At the level of the ECON, the rapporteur for money market fund reform is Neena Gill, a UK Labour/Socialist MEP who has stated that she will seek “to ensure there is a format there that enables these funds [MMFs] to continue to exist.” She further noted that she does “not think that it is a job of the Parliament to define what sort of investments you have or not.” She is proposing a roundtable in November to discuss potential solutions, with a vote likely in January. The shadow rapporteur is a new MEP for Dublin, Brian Hayes. While the Irish Government supports the regulatory imperative to better regulate shadow banking, it does not support the capital buffer proposal, which Irish Financial Services Minister Simon Harris believes will “damage the industry [in Ireland], but also throughout the EU, and could lead to a outflow of investment from Europe.”
What are the Options?
It is incumbent upon the opponents of the capital buffer to bring something new to the table.

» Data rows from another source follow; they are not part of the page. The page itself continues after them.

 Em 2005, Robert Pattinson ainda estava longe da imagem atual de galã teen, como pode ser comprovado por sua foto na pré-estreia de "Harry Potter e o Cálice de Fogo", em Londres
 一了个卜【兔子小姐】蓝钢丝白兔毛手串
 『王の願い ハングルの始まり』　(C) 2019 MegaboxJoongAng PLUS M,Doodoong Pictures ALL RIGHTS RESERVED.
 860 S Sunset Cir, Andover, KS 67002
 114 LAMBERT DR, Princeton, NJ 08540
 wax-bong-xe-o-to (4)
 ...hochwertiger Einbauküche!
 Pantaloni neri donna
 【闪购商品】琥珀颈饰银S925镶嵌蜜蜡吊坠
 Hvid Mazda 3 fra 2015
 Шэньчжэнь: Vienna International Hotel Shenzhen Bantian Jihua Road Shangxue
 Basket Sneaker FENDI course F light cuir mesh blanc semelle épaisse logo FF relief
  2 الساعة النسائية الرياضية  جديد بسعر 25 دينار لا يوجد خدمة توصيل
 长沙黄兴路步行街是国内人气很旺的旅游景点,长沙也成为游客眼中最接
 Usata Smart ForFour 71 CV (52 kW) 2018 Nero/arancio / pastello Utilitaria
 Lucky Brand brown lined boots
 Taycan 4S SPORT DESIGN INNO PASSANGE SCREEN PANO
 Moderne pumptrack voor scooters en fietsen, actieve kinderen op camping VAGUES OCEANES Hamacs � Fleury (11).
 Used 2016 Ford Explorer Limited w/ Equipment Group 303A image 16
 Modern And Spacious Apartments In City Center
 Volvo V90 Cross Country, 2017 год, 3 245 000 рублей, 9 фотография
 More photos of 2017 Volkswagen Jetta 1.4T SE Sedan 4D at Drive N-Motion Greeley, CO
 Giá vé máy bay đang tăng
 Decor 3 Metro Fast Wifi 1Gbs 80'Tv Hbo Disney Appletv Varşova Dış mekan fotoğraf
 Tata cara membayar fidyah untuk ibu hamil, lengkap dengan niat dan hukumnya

The view of the industry – as set out in Position Paper published by the Institutional Money Market Funds Association (“IMMFA”) in response to the Commission Proposal – is that the use of redemption gates and liquidity fees (a fundamental aspect of the U.S. reforms) is the “simplest and most effective mechanism by which to achieve” the objective “of better regulation of MMFs [which] is to prevent large scale runs from funds, which would likely amplify the risks to the banking system at a time of systematic disruption.”
In addition to the “fees and gates” proposal, other proposals being considered include a proposal for a a MMF structure that is a compromise between a CNAV MMF (with penny rounding to two decimal places) and a variable NAV MMF – a lower volatility NAV, which would allow for rounding to three decimal places.
The MMF industry is facing into severe headwinds with the current ultra-low interest environment. It may be that while the forecast for ultra-low interest rate remains stable, the outlook with regard to MMF reform may appear a little brighter.